Zu Carsten Linnemanns „Aktivrente“

Überall faule Rentner

Fast täglich werden wir von Vorschlägen dieser Regierung beleidigt. Jetzt hat CDU-Generalsekretär Carsten Linnemann bei „Miosga“ festgestellt, dass wir Rentner zu wenig arbeiten. Erst kürzlich glänzte er mit der Aussage, es gäbe „gar keine Leistungsbereitschaft“ in Deutschland. In der Talkshow ruderte er dann ein wenig herum: Ei freilich gebe es noch Leistungsbereitschaft. Miosga hakte nach: „Wer arbeitet denn jetzt zu wenig?“ Antwort Linnemann: „Die Rentner zum Beispiel.“ Beruhigend fügte er hinzu: „Wir zwingen niemanden“, aber man wolle 2.000 Euro Verdienst steuerfrei stellen. Er nennt das „Aktivrente“.

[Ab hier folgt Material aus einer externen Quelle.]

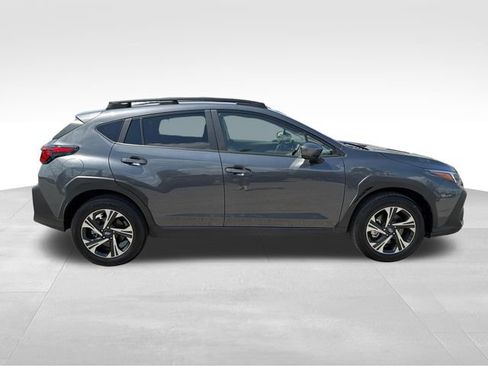 Certified 2025 Subaru Crosstrek 2.5i Premium AWD/4WD image 8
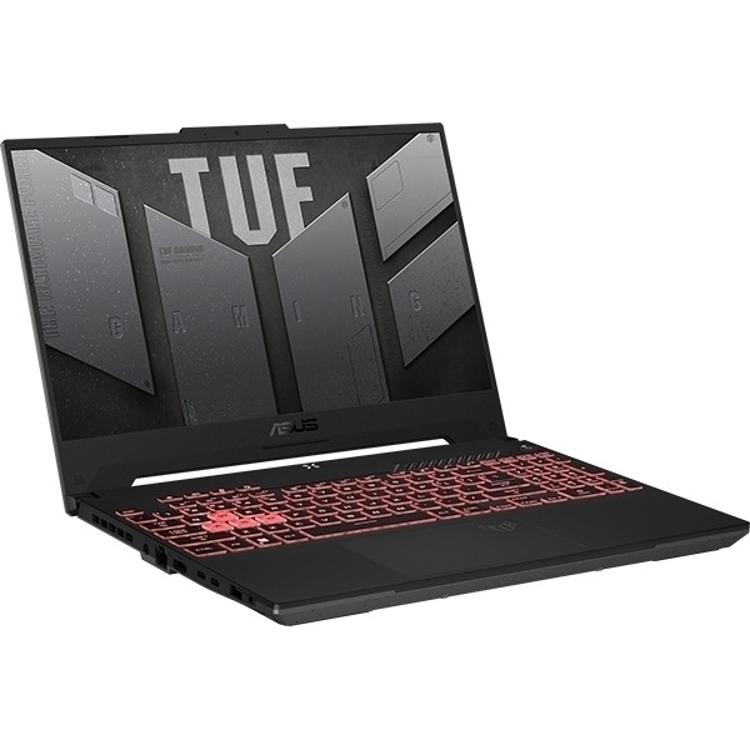 Prenosnik ASUS TUF Gaming A15 FA507NVR-LP002W R7 / 16GB / 512GB SSD / 15,6" FHD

Angesichts der Vorschläge dieses geleckten Jünglings, der nachweislich seines Lebenslaufs noch nicht einen Tag in seinem Leben mit den Händen geschuftet hat, klatschen sich Dachdecker, Maurer und Altenpfleger erfreut auf die Schenkel und starten mit ergrauten Haaren, kaputtem Rücken und ruinierten Nerven frisch-fromm-fröhlich-frei erneut ins Arbeitsleben. Sie gehören zu den Berufsgruppen mit hoher Belastung. Ebenso wie Beschäftigte (m/w/d) im Gartenbau, der Fleischverarbeitung, in der Krankenpflege und der Gastronomie sowie Fliesenleger und Kassierer. Schlechte Bezahlung korrespondiert exakt mit diesen Berufen.

Da passt es wie die Faust aufs Auge, dass Bundeskanzler Friedrich Merz, ebenfalls mit profundem Nichtwissen über körperliche Arbeit gesegnet, die 48-Stunden-Woche wieder einführen will und Normalarbeitstage von 10 Stunden. Alle, die eine Ahnung von Arbeit haben wissen, dass mit der Dauer der täglichen und wöchentlichen Arbeitszeit nicht nur der körperliche und psychische Verschleiß steigen, sondern auch das Risiko für Fehlhandlungen. Das Unfallrisiko erhöht sich nach der achten Arbeitsstunde exponentiell, ab der zwölften Stunde verdoppelt sich die Unfallrate sogar.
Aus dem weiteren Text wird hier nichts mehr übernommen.